The reply must consist of the lines from the first line of the records through the line containing "Additional image 8", copied exactly, with every picture omitted.
※ ※ ※
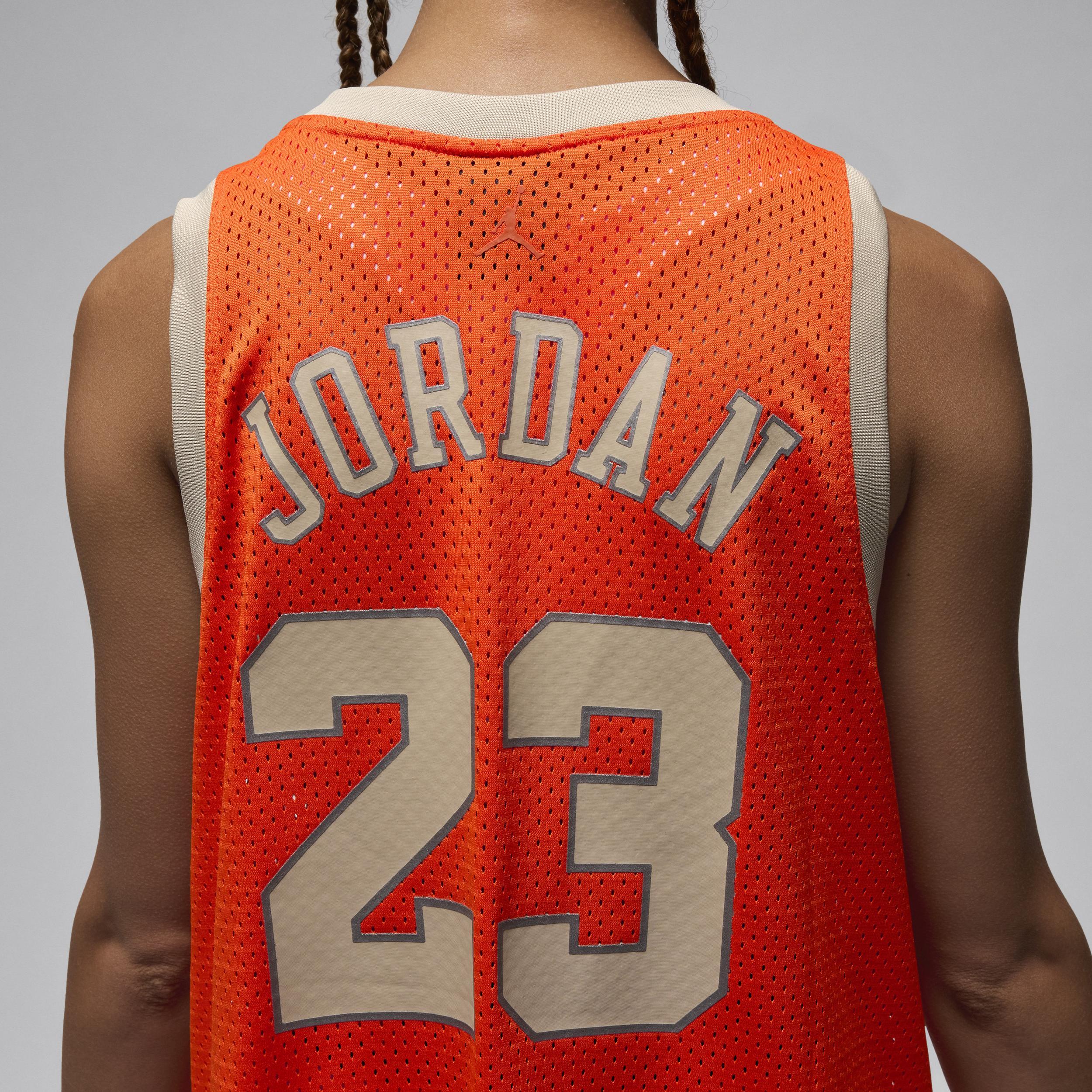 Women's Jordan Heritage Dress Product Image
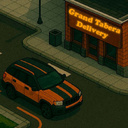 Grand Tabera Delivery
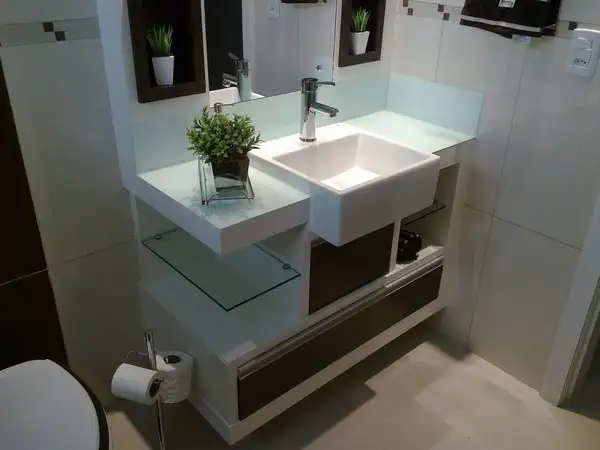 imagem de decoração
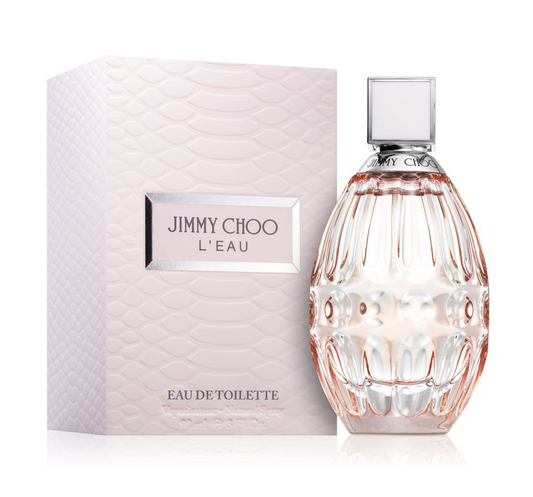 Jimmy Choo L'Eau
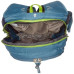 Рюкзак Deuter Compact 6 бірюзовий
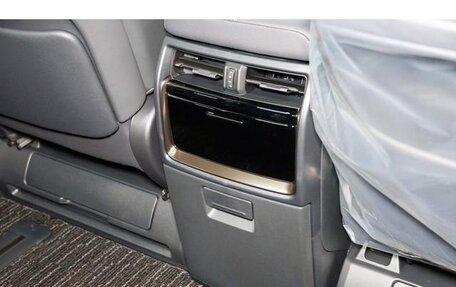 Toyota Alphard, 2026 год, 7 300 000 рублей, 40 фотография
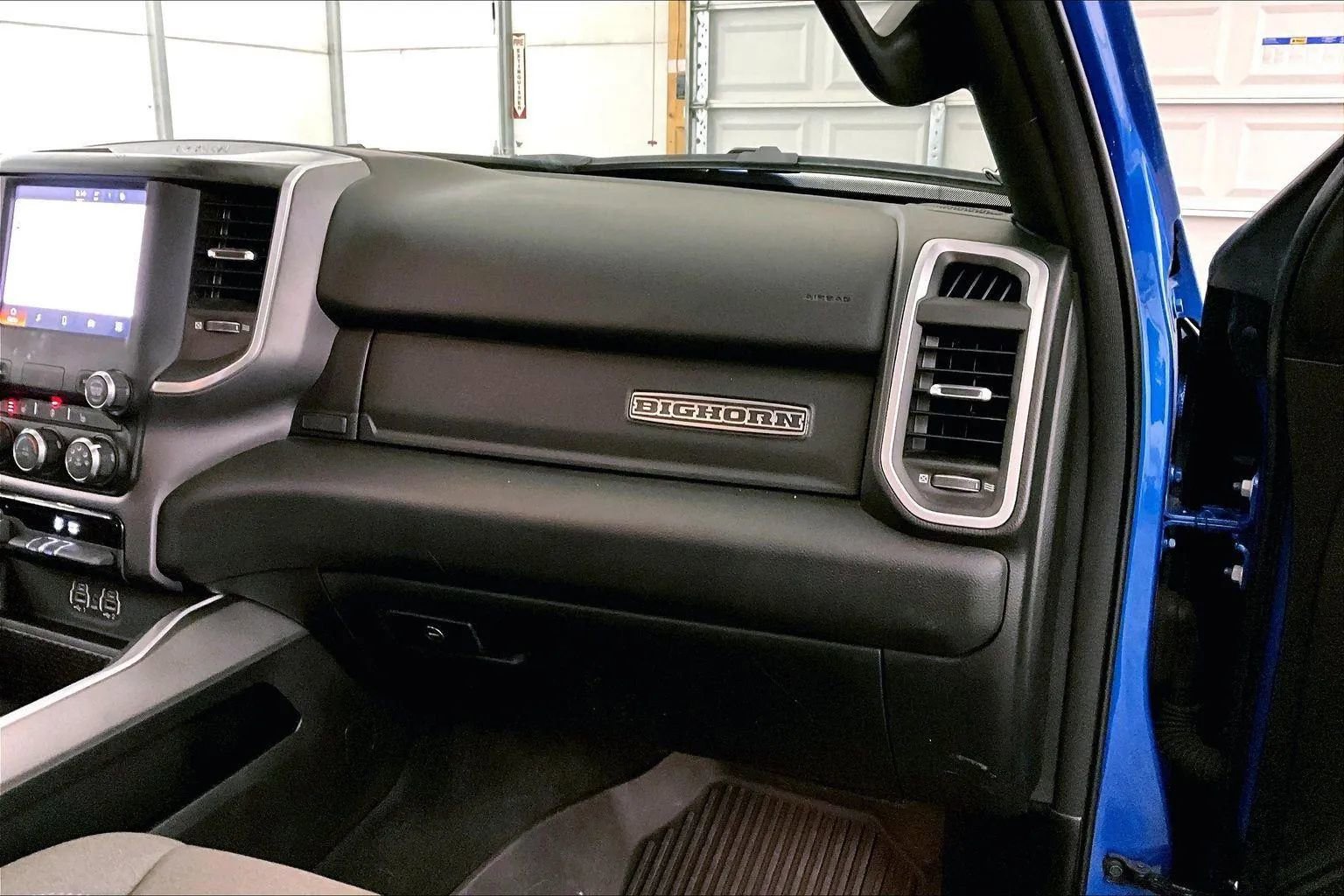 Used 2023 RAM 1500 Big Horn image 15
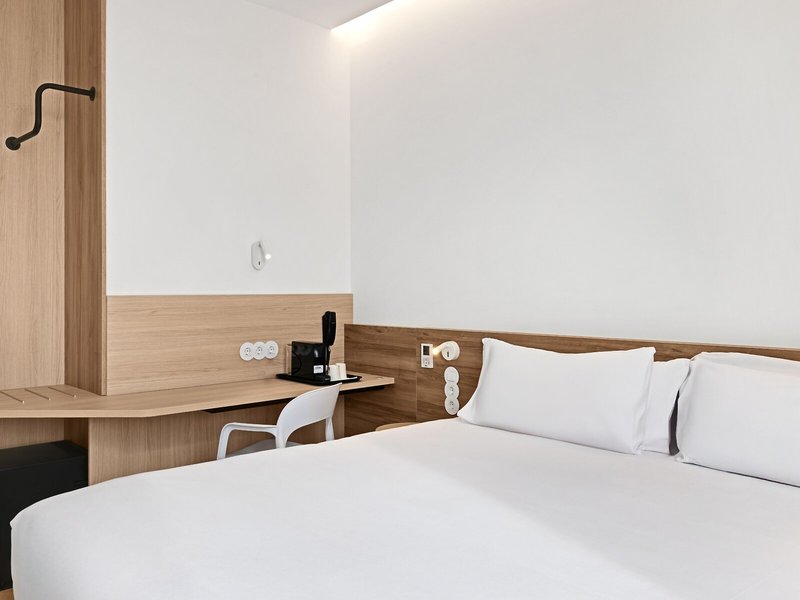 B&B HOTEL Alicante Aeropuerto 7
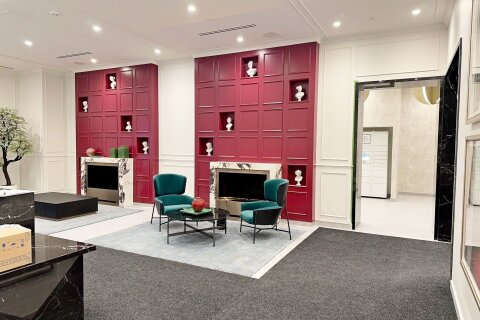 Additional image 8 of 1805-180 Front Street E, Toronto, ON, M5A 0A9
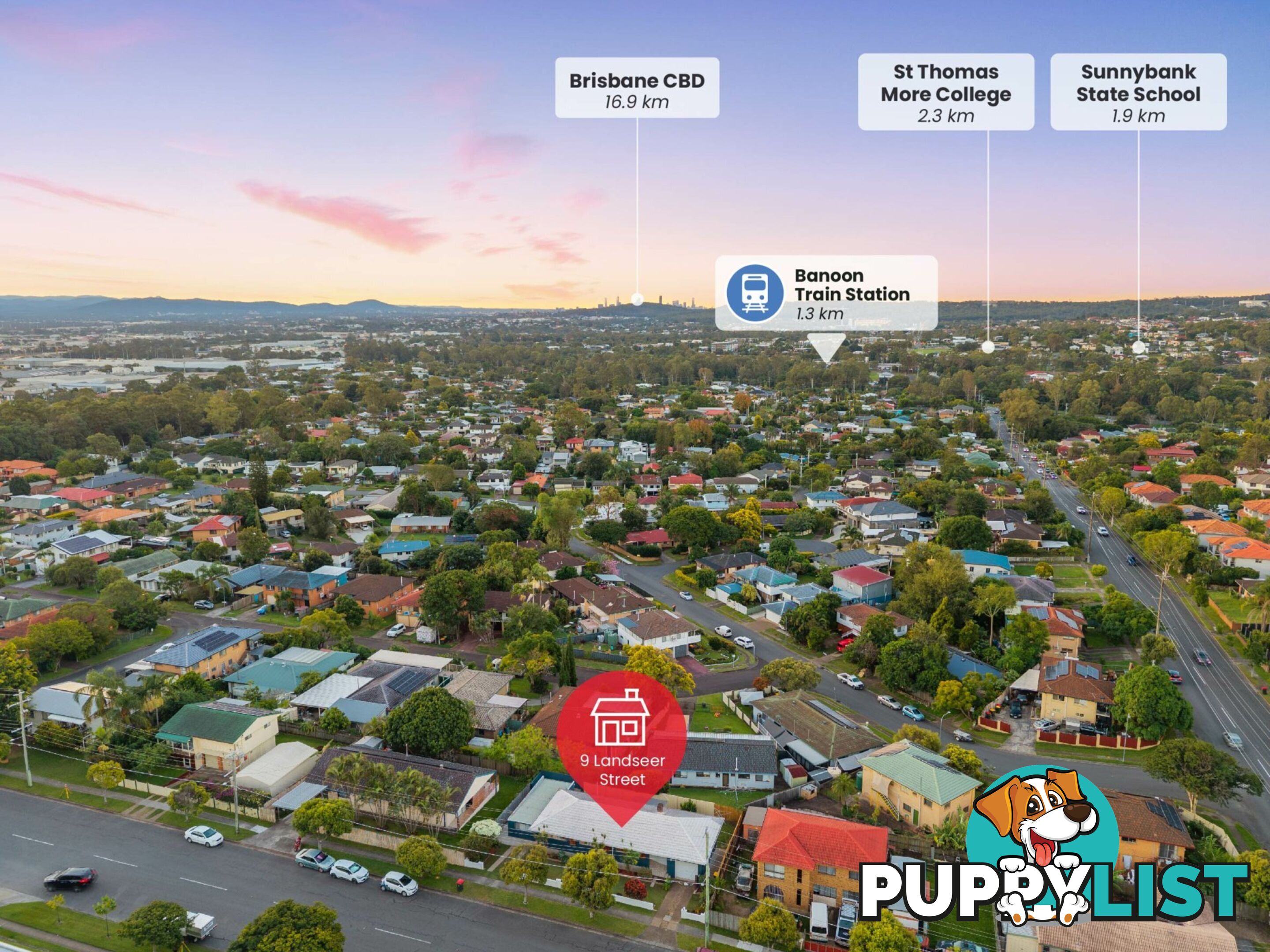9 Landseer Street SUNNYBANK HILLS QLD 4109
※ ※ ※
● EXERCISE RESULT
 Women's Jordan Heritage Dress Product Image
 Grand Tabera Delivery
 imagem de decoração
 Jimmy Choo L'Eau
 Рюкзак Deuter Compact 6 бірюзовий
 Toyota Alphard, 2026 год, 7 300 000 рублей, 40 фотография
 Used 2023 RAM 1500 Big Horn image 15
 B&B HOTEL Alicante Aeropuerto 7
 Additional image 8 of 1805-180 Front Street E, Toronto, ON, M5A 0A9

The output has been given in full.